Saved entries:
##############################

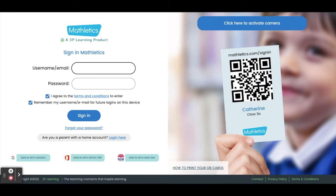Student usernames begin with letters and then a series of numbers. Students don't use email addresses to log into Mathletics.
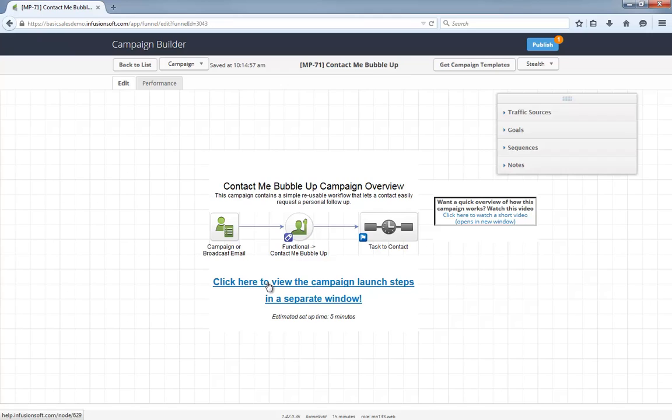As with all campaigns in the marketplace, this help center article will show you everything you need to launch the campaign and start using it. Tell me what you think about this campaign below, and let's make it easy for your contacts to ask for help when they need it without causing internal chaos.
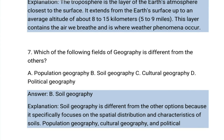Which of the following fields of geography is different from the others? A. Population geography. B. Soil geography. C. Cultural geography. D. Political geography. The answer is B: soil geography. Soil geography is different from the other options because it specifically focuses on the spatial distribution and characteristics of soils, whereas population geography, cultural geography, and political geography all deal with human populations, cultures, and political entities respectively.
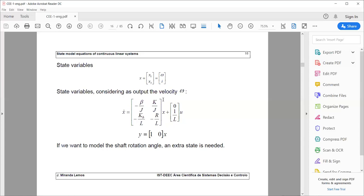This gives matrix A, matrix B, and if we measure angular velocity, then Y equals [1, 0] times X. You can also extend this model to include the angle of rotation — not just the velocity — by adding an extra state variable to the equations.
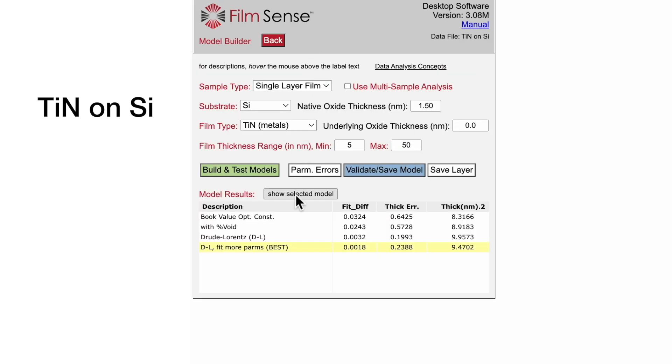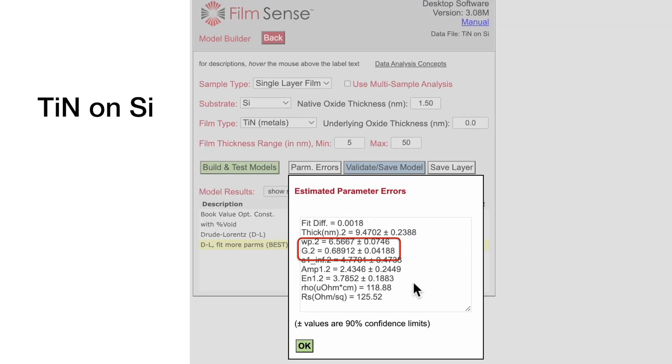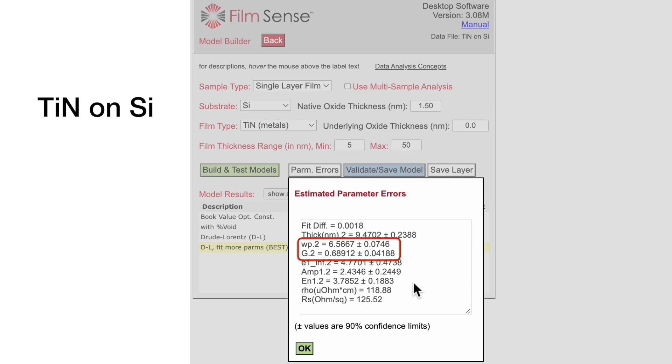As was the case with the ITO film, the Drude parameters can be used to calculate the film resistivity and sheet resistance of the metallic titanium nitride film.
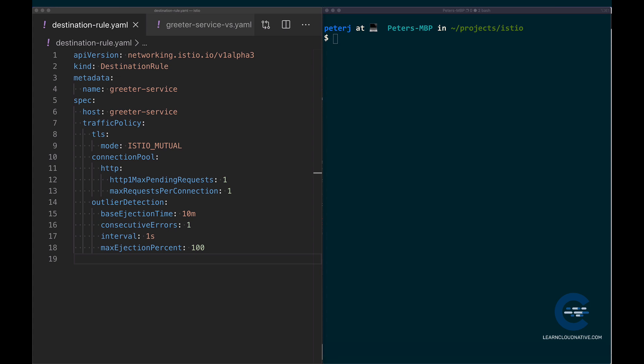Under the outlier detection, there's a couple of different fields there. The Envoy proxy uses outlier detection to detect when pods are not reliable, and it can eject them from the load balancing pool for a period of time. This is the base ejection time setting.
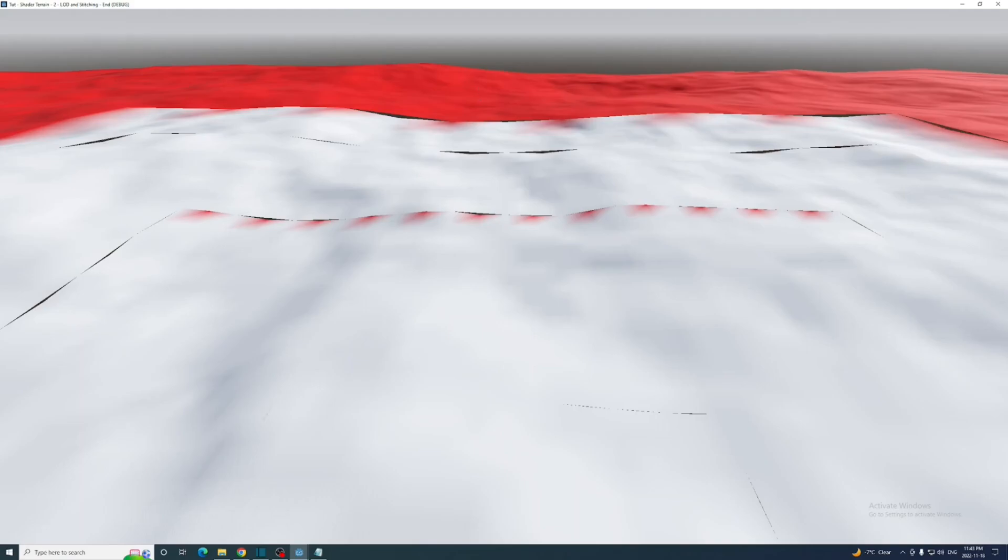The reason this is only working half the time is because rounding doesn't occur the way you might expect in shaders. If a number has a fraction of 0.5 it's not always rounded up. It's rounded to the even number. So 2.5 doesn't round up to 3. It rounds down to 2. It took me a while to figure this out and it drove me a little insane.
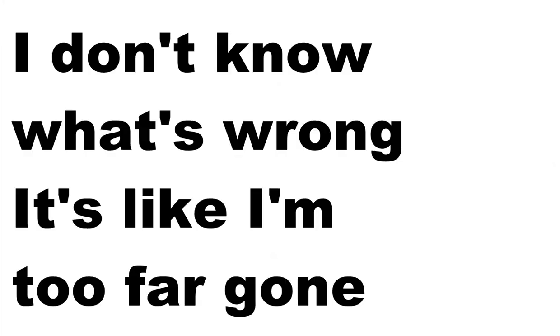I don't know what's wrong, it's like I'm too far gone. It doesn't matter anyway. Fear is in my heart, just when I stop it starts, and I can never live this way.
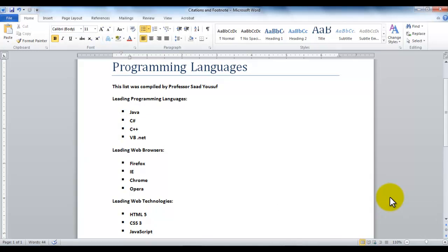Hello and welcome to another tutorial of Microsoft Word 2010. In this tutorial, we will be exploring citations, bibliographies, and footnotes.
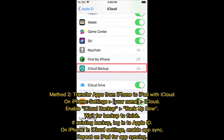Method 2: Transfer apps from iPhone to iPad with iCloud. On iPhone, go to Settings, your name, then iCloud. Enable iCloud Backup and tap Backup Now. Wait for the backup to finish. If using an existing backup, log in to your Apple ID on iPhone, enable app sync in iCloud settings, then repeat on iPad for app syncing.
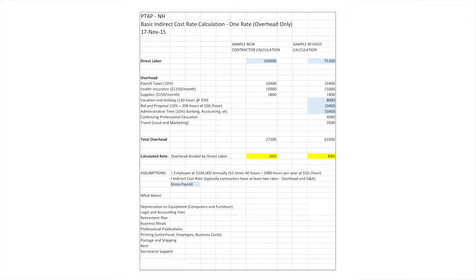So over on the left, a simple new contract calculation — this is kind of what we see. The person will put all of their salary up under direct labor, have some payroll taxes, some health insurance, some supplies maybe, and they end up — to simplify, I'm using a one-rate system — somewhere around 26 percent as overhead.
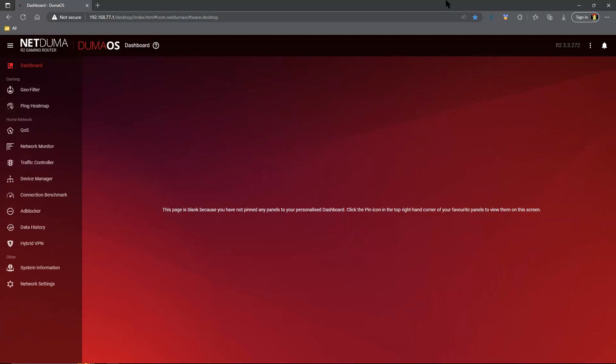Howdy y'all, I'm Scott. This should be the last DumaOS Quality of Service video you will ever need. We're going to go through everything you need to know about DumaOS Quality of Service.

##############################

Prompt: Omit every picture, and please return the entries exactly from the first line through the line with "As with all", both included.

Reply:
Student usernames begin with letters and then a series of numbers. Students don't use email addresses to log into Mathletics.
As with all campaigns in the marketplace, this help center article will show you everything you need to launch the campaign and start using it. Tell me what you think about this campaign below, and let's make it easy for your contacts to ask for help when they need it without causing internal chaos.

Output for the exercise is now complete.